There is a strange thing that happens to me when I travel anywhere that is even remotely different from my home. On the larger excursions, say to another country, I imagine the experience will be so earth shatteringly different from what I know that I will have this epiphanic reflection on my whole existence and emerge from my travels a changed individual. Of course, when I actually arrive there and experience them, I wait for the epiphany...and it never comes. I get moments where I sit back and think "wow, this is really cool", but time continues to pass at a normal rate, people carry on with their business, all is normal.
The two major travel excursions I have been on were, to say the least, beyond cool. A teacher at the university from which I just recently graduated runs two field studies and I eagerly jumped on the train for both of them.
In a nutshell, the first field study was in Eastern Europe studying the Roma, seeing the after effects of de-communization and re-industrialization of the region, and the cultural tensions in the Balkans. In 30 days we traveled from Prague Czech Republic, through Slovakia, Hungary, Croatia, Bosnia Herzegovina, Montenegro, Serbia and Poland, and had an all around amazing time. My friend DQ and I traveled around Western Europe for sixteen days after the field study was over, doing the hot spots in Italy, France and taking off home from London.
The second was in the Philippines where we researched the native inhabitants of the Western Visayan Islands, a people called the Ati. Like the Europe field study, my travel mates and I made the most of our already being in Southeast Asia and spent a week before the field study in Cambodia, and three weeks afterward in Thailand.
I can't think of more authentic and amazing experiences than these two trips I went on. I mean Christ, we were wined and dined by gypsies in Slovakia, received a stern warning about all the land mines in Bosnia, trekked through the jungle at night looking for natives in the Philippines and so much more. Who does that? Like really?! ...then why am I still looking for the epiphany? How could something get more authentic than the things I've already done?
I think when you imagine something in your head it sort of plays like a movie, and when you see it in real life, it's like finding the Wizard behind the curtain. All the glitz and magic of your imagination is gone and all that's left is the props. Pretty amazing props, but physical artifacts and places none the less, which are no different than the ones you might see in your everyday life, only older or rarer. It doesn't help that most places of note in the world nowadays are so infiltrated with tourists (like myself) that you don't feel like you're getting an authentic experience most of the time. Ambiance: ruined.

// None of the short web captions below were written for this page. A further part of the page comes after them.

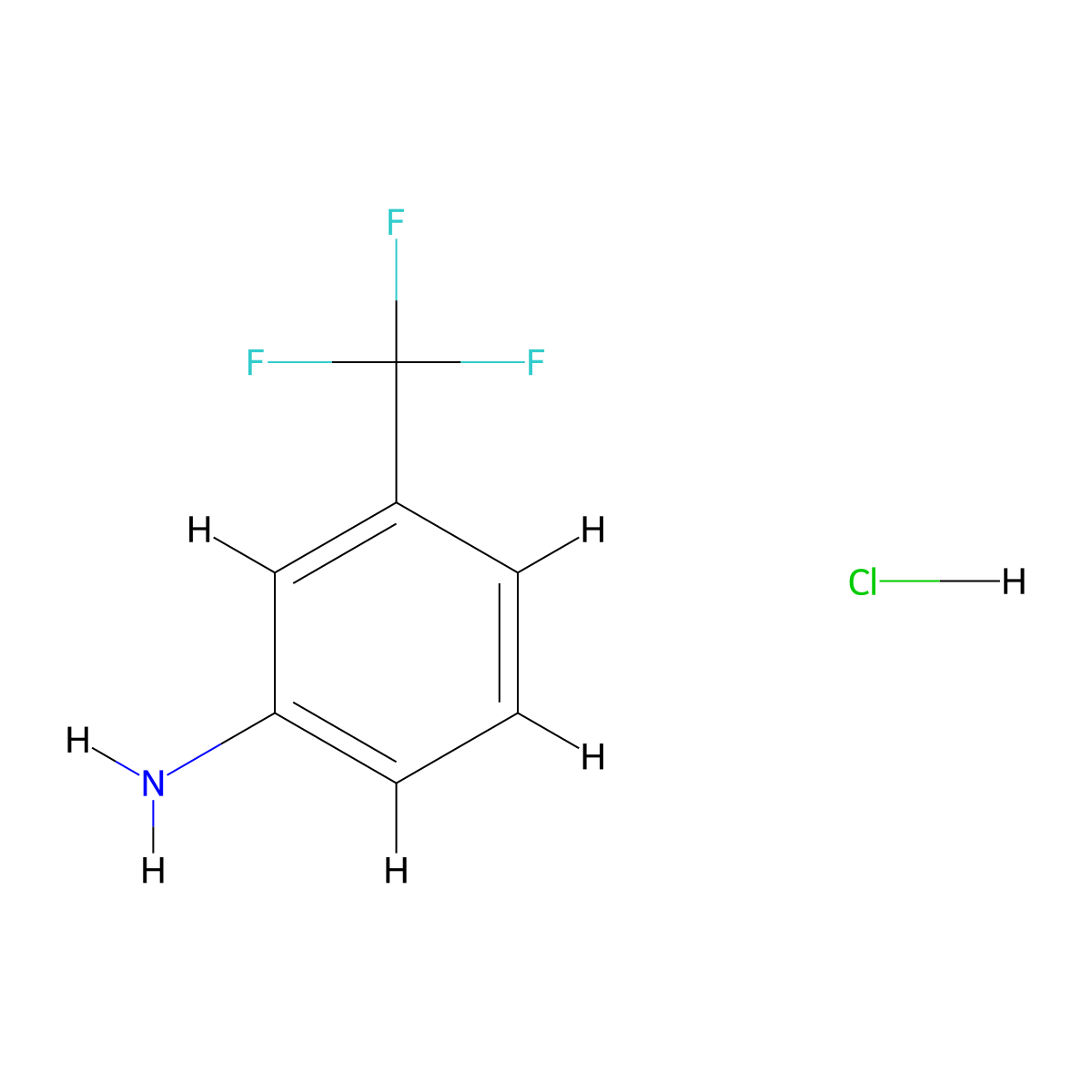 Alpha,alpha,alpha-trifluoro-M-toluidine hydrochloride molecular structure, CAS 2646-97-1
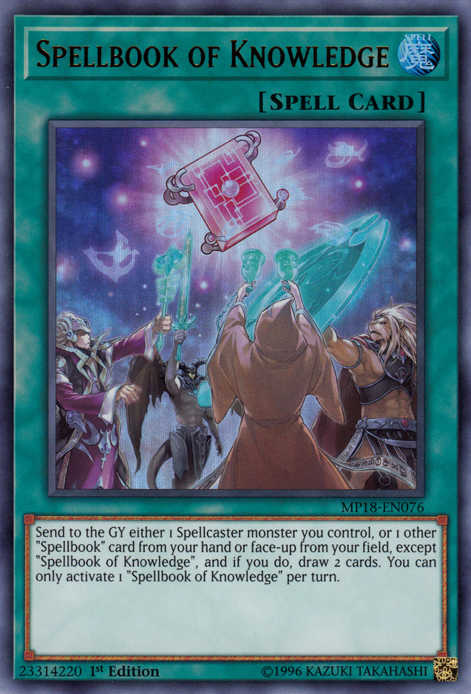 Spellbook of Knowledge [MP18-EN076] Ultra Rare | Pegasus Games WI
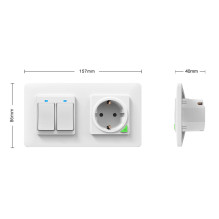 PNI WS2 double frame for switch or PNI SmartHome smart socket PNI WS2 double frame for switch or PNI SmartHome smart socket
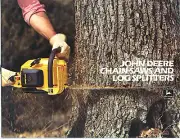 John Deere Chain Saws Log Splitters Sales Brochure 25EV 45EV 65EV 80EV 52 A-52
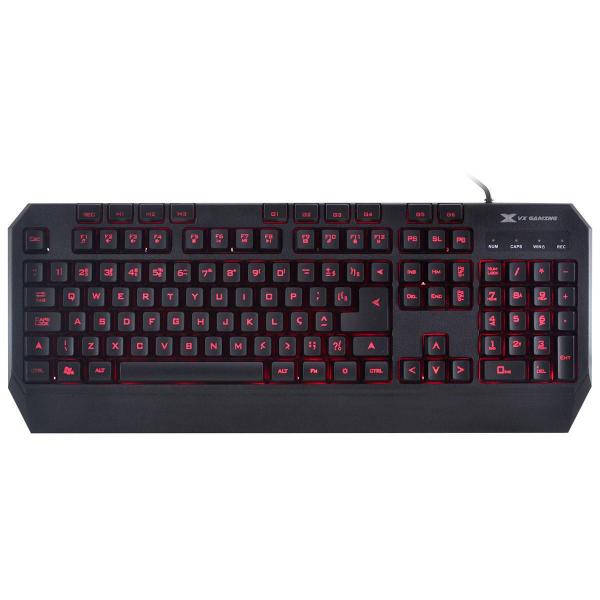 Imagem de Teclado Usb Gamer Vx Gaming Draco Com Macros, Multimidia Le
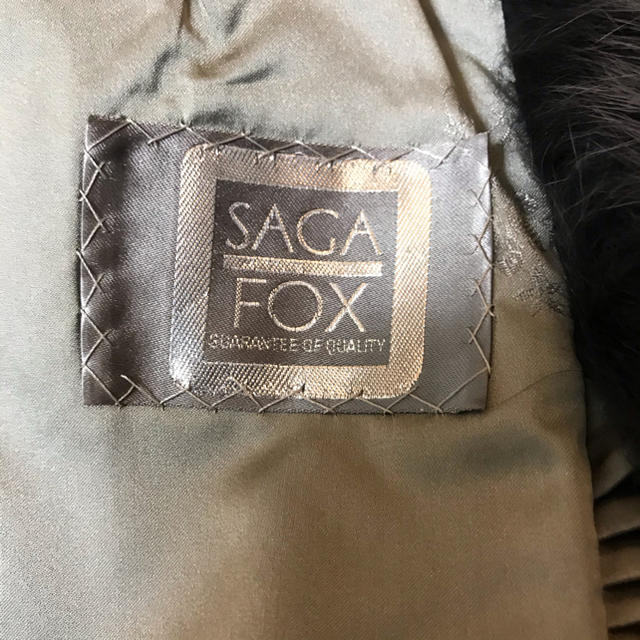 るーまり様　フォックス　FOX ブルーフォックス　ハーフコート　リアルファー  レディースのジャケット/アウター(毛皮/ファーコート)の商品写真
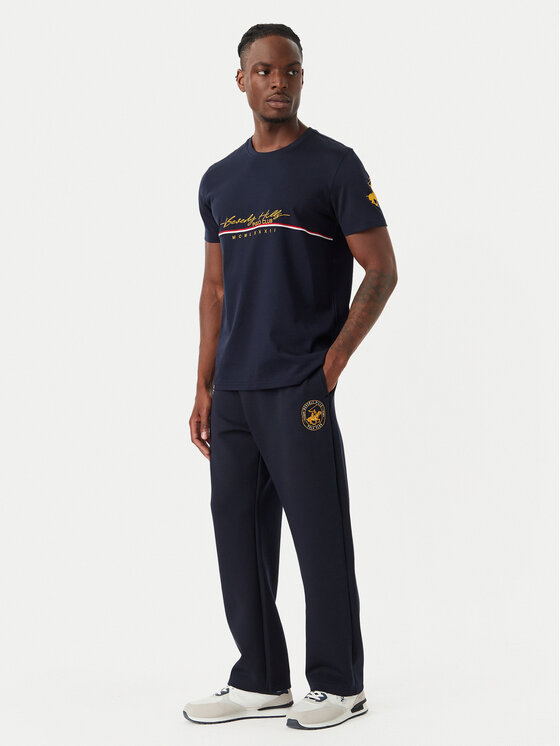 Beverly Hills Polo Club Beverly Hills Polo Club Póló P-SS26M-TS1519 Sötétkék Regular Fit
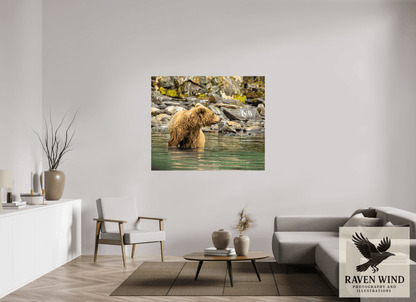 56.7 x 47″, Photo Print On Fuji Crystal DP II - unframed Watchful Momma Nature Photography Print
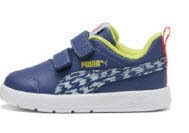 Puma Courtflex V3 Poised 2 race Blau bunt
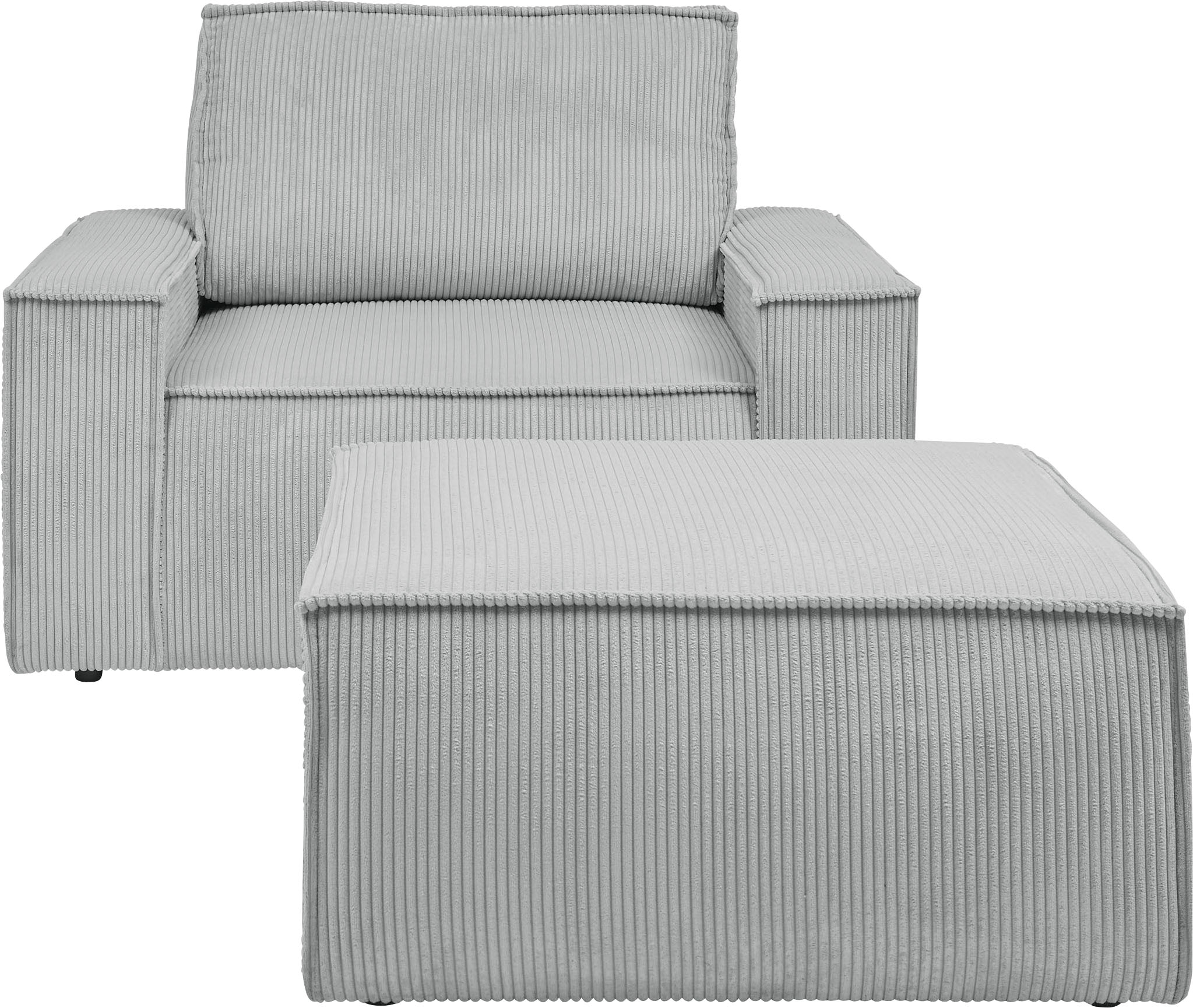 Home affaire Sessel »SHERWOOD« Loveseat und Hocker im Set, passend zur Polster-Serie SHERWOOD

Another contributing factor to my reclusive revelation is the fact that when traveling, you become a slave to creature comforts. You could spend that extra half an hour searching for that restaurant the travel book suggested...or you could just pop into that homogenized McDonalds across the street and sell your soul for a burger and fries. You could go the extra mile and walk up that mountain to see the view...or you could stay at your hostel and watch foreign television all day.
While the days when the creature comforts take over your agenda are not all encompassing, it feels like such a cop out when you indulge in the familiar. When are you ever going to be doing this amazing thing ever again in your life? Why are you eating fast food you can get at home any day of the week? The fact is, at least for me anyway, these indulgences in comfort are necessary for a person to keep their mental faculties at an optimal level of openness for when one does go out and partake in an "experience". I'd rather be sated and in a good mood when I'm taking in the sights, than be so all consumed with discomfort and irritability, that the full measure of the coolness factor is completely wasted.
There is a distinct possibility that I wouldn't be able to handle an authentic foreign experience without running for the hills. I haven't experienced the sense of pure untainted wonderment I keep imagining when I truly experience something outside the box and I'm pretty sure this is because of fear; fear of being embarrassed, or uncomfortable, or open to risks.
Maybe in another time my experiences would have been more real to me, that the essence of what I was seeing wouldn't have been corrupted by modernity and capitalistic tourism, or if it was I would still be able to immerse myself in the significance of the experience...because things were simple way back when, right?
While I absolutely appreciate that I am one lucky asshole to have even had the opportunity to go on these amazing excursions, I keep waiting for the epiphany. And while it remains illusive, I keep searching for more and more authentic travel experiences.
The next of these will be starting in January 2010. My friend TJ has a plan...it's a Van Plan, capital V capital P. She is the proud owner of the coolest of cool retro camper vans on earth and will be living in it for the next two years or so traveling around North America: the Van Plan. I will be joining her in January 2010 for as long as I can afford it and our vague plan consists of me meeting TJ in San Fran and heading for New Orleans. California, Arizona, New Mexico, Texas, Louisiana.
I never thought I'd be even remotely interested in traveling in the United States, especially after all the security hooplah that has been enforced excessively since 9/11 (sorry peeps, but it's true, loosen your grip a bit eh?), yet I find myself giddy at the prospect of going to Texas. The land of the ten-gallon hat, and so many guns I can't even think about it. Excitement! WTF!!
Maybe this will be my authentic experience. I think it helps that TJ is an authentic experience in her own right so it can really only go up as soon as we're united in Van Plan-ness. I am prepared for awesome.